I've been more hands-on in my work recently.
It’s reminded me that a lot of the thinking happens in the doing. The micro-decisions, the adjustments, iterations, guided by experience, instinct and intuition. The versions. The happy accidents. All in the moment, not planned and prompted in advance.
For me, this doing → thinking feedback loop is the satisfying part of the work. It’s what flow feels like. And it feels good.
As I integrate AI tools into my workflow I'm noticing that in some instances they are not particularly conducive to that kind of flow.
In fact, in some ways the interaction model is almost perfectly designed to interrupt it.
You stop. You switch. You reach for words to describe an instinct that maybe you can’t articulate concisely. Then you wait and hope you got the words right.
That's several context switches and interruptions to flow in a row.

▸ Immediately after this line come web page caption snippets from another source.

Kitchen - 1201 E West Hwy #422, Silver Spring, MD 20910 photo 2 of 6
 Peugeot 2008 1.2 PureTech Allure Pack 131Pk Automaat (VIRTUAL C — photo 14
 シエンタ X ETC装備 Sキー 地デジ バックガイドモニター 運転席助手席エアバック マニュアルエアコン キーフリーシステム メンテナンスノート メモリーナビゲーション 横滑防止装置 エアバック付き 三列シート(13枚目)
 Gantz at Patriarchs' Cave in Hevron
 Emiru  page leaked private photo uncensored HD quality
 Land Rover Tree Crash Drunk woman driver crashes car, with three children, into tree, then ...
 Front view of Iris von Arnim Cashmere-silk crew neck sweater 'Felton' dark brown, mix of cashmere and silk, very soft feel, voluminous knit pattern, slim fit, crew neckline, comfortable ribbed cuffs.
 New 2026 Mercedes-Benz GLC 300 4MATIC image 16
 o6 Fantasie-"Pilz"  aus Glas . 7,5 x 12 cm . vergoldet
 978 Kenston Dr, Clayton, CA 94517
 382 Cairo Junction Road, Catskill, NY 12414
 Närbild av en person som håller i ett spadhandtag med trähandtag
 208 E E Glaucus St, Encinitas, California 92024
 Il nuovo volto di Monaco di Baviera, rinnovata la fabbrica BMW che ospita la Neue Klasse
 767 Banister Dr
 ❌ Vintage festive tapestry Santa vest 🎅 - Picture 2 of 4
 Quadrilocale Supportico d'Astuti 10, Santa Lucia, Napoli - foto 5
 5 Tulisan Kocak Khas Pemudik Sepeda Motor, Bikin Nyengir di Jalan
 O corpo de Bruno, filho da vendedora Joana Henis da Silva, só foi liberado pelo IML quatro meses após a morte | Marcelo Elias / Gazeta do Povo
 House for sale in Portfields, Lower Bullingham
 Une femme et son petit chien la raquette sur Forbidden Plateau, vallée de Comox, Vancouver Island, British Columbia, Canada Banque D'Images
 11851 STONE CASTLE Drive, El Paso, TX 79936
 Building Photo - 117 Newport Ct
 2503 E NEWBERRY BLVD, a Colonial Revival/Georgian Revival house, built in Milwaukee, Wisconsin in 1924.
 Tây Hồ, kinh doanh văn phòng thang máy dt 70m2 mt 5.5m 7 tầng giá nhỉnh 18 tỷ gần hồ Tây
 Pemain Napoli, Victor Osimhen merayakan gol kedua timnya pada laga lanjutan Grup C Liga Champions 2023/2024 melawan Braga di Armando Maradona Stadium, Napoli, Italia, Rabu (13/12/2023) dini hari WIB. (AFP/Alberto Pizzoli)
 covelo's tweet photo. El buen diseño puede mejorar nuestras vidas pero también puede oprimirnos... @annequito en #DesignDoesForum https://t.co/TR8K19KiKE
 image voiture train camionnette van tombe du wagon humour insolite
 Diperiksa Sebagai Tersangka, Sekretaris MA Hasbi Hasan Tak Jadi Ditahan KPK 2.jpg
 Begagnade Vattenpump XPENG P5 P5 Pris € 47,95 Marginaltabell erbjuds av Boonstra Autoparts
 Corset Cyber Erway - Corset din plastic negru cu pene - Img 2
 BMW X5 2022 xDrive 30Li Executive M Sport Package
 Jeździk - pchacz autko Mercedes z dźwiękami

Earlier this week I caught myself feeling frustrated that I'd ‘wasted’ twenty seconds on a result that was way off the mark. Not a happy accident, just another sh*t result.
Frustration over a wasted twenty seconds is a pretty absurd thing to feel, but it wasn't really about the time.
When you spend time doing, you feel in control. You’re building an understanding of the work as you do it. You feel a sense of pride in the outcome.
When you spend time waiting, you’re not in full control. You’re hoping, not learning. You don’t feel as much ownership of the outcome.
The joy in making something lives in the doing and thinking. In the flow, in the feedback loop between what you imagined and how the work evolves, what you learn along the way.
When the result arrives without any of that, you get the thing but not the feeling. Which can be a strange kind of outcome, given that the feeling is where most of the satisfaction comes from.